As Vizcaíno and his co-authors note, there are a variety of search methods that can address this challenge, including precursor mass-tolerant searches and open modification searches. However, such approaches vastly expand the search space for a given experiment, which can significantly increase the computational time and resources required. They can also leave researchers with ambiguous identifications where several peptides appear equally good matches to a spectrum.
Another emerging approach that could help improve identification rates is the use of sample-specific search databases wherein methods like RNA-seq are used to generate databases specific to the sample being analyzed via mass spec. In theory, this would help account for variants particular to that sample that might not be present in more general databases. However, Vizcaíno said, in practice, such approaches appear thus far to offer only slight improvements in IDs.
The clustering technique allows researchers to take spectra that are unidentified but found consistently across many datasets and target them using these less commonly used and computationally intensive search approaches. In the Nature Methods paper, the researchers used methods including open modification searching and spectral library-based searching to make their identifications, and, Vizcaíno said, in the future, researchers could use a variety of other techniques for making IDs.
"One could analyze the data in many different ways to try to [improve] the number of identifications," he said. "What we are showing here is just the tip of the iceberg."
The unidentified spectra issue remains a challenging one, though, Vizcaíno said, noting various reasons why spectra could be difficult to identify.
In the first case, a number of spectra might not even come from peptides, he said.
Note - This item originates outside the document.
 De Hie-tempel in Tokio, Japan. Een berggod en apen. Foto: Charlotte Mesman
Others, he said, could be chimeric, deriving from peptides that eluted at the same time. Additionally, he noted, many unidentified spectra may come from peptide variants, which are usually not found in a very high proportion, so these spectra are not good enough for making peptide identifications. "We are at the limit of what the mass spectrometer can see in a consistent way," he said.
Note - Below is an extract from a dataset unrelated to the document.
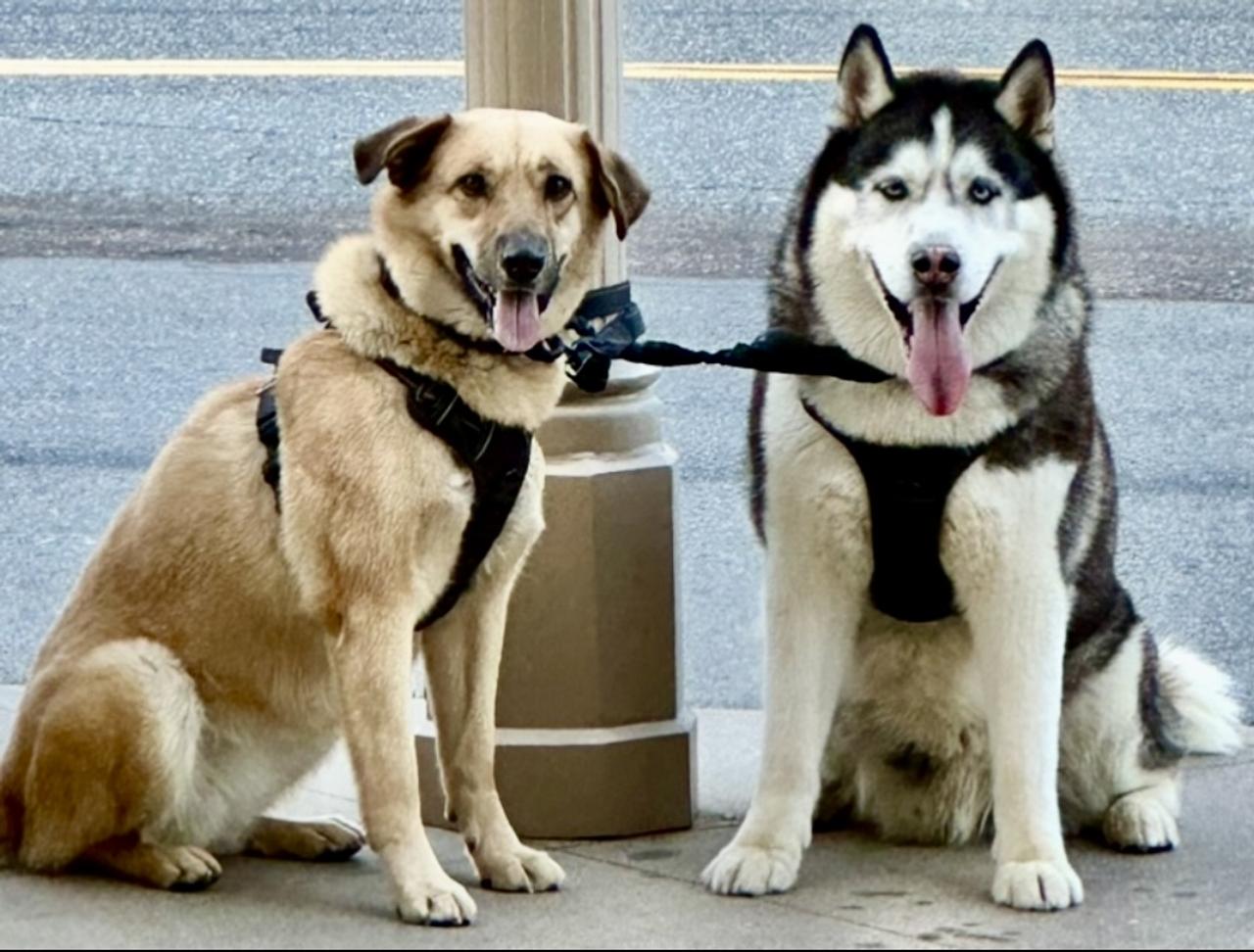 Profile photo 2 of 2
The researchers also found a significant number of spectra in the PRIDE database that are due to contaminants.
"When people do searches, it is a good idea to include a contaminant database with the main contaminants," Vizcaíno said. Otherwise, for instance, "if the sequence for trypsin is not in the database, then that spectra will be identified as something completely random and different."
The number of known contaminants identified in the study "will be used as the basis for a future service in the PRIDE Archive, which will automatically warn submitters if their datasets contain a high proportion of such potentially incorrect identifications," the study authors wrote.
The researchers' initial analysis focused on the PRIDE database, but now they are working with several groups to apply the method to their datasets, Vizcaíno said.
"We are [working] with a couple of groups to cluster their own datasets or groups of datasets that were all generated in the same experimental setting," he said, adding that this work was focusing on difficult samples where the percentage of identified spectra was even lower than the 25 percent average they found across the PRIDE datasets.
In the future, Vizcaíno said, he and his colleagues would like to develop the tool "so that when people submit their data to [PRIDE] we could compare their spectra to spectra submitted by other people, and that way, we could suggest to these researchers that maybe some of their unidentified spectra could correspond to this or this or this peptide."